Secured loans aren’t as common as unsecured loans, but you may find them by contacting banks, credit unions and online lenders. Depending on the lender, you might have more than one secured loan option to choose from, each requiring different kinds of collateral.
Savings-secured loan
A savings-secured loan uses a savings account or money market account as collateral. Your maximum loan amount usually equates to the amount of money you have in your account.
While your loan is active, your savings account will continue to earn interest. You will also pay interest on what you borrowed. However, you can’t withdraw the funds from the account until you’ve paid off your loan.
Certificate or CD loan
Before you can decide if this loan is right for you, you should know how certificate and CD accounts work.
First, the terms “certificate” and “CD” are interchangeable. Credit unions call this product a certificate, while banks call it a CD. On certificates, you earn dividends. On CDs, you earn interest. Regardless, these accounts are investment vehicles similar to a savings account, with a few notable differences.
Unlike a savings account, you can’t withdraw your money from your certificate account any time you want. Instead, you’ll choose a term length that can range from one week to 5+ years. If you want to withdraw during your term, you’ll have to pay a penalty. When your term is over, your certificate is considered “mature.”
Certificate accounts also typically earn more interest than standard savings accounts.
When it comes to loans, savings-secured and certificate/CD loans work the same way — you borrow against your account, pay interest on what you borrow and continue to earn interest on the funds held in your account. You also can’t access your funds until your loan is paid off. But in the case of certificate and CD loans, your certificate or CD must also be matured. Otherwise, the early withdrawal penalty applies.
Property-secured loan
With a property-secured loan, the lender will hold a piece of your property as collateral. Car loans and mortgages are property-secured loans.

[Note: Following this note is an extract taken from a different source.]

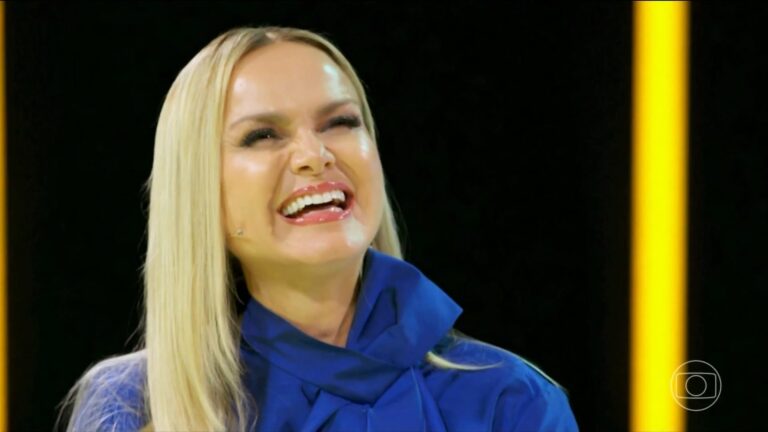 Foto de Eliana no Especial LED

However, these aren’t considered personal loans, since the loan pays for the collateral (your car or your house).
Instead, personal loans disburse funds in a lump sum that can be used for nearly anything. That said, a popular property-secured personal loan option is an auto-backed loan. Here, the lender will put a lien on your car and disburse your personal loan. If you don’t stick to your loan agreement, it can repossess your vehicle.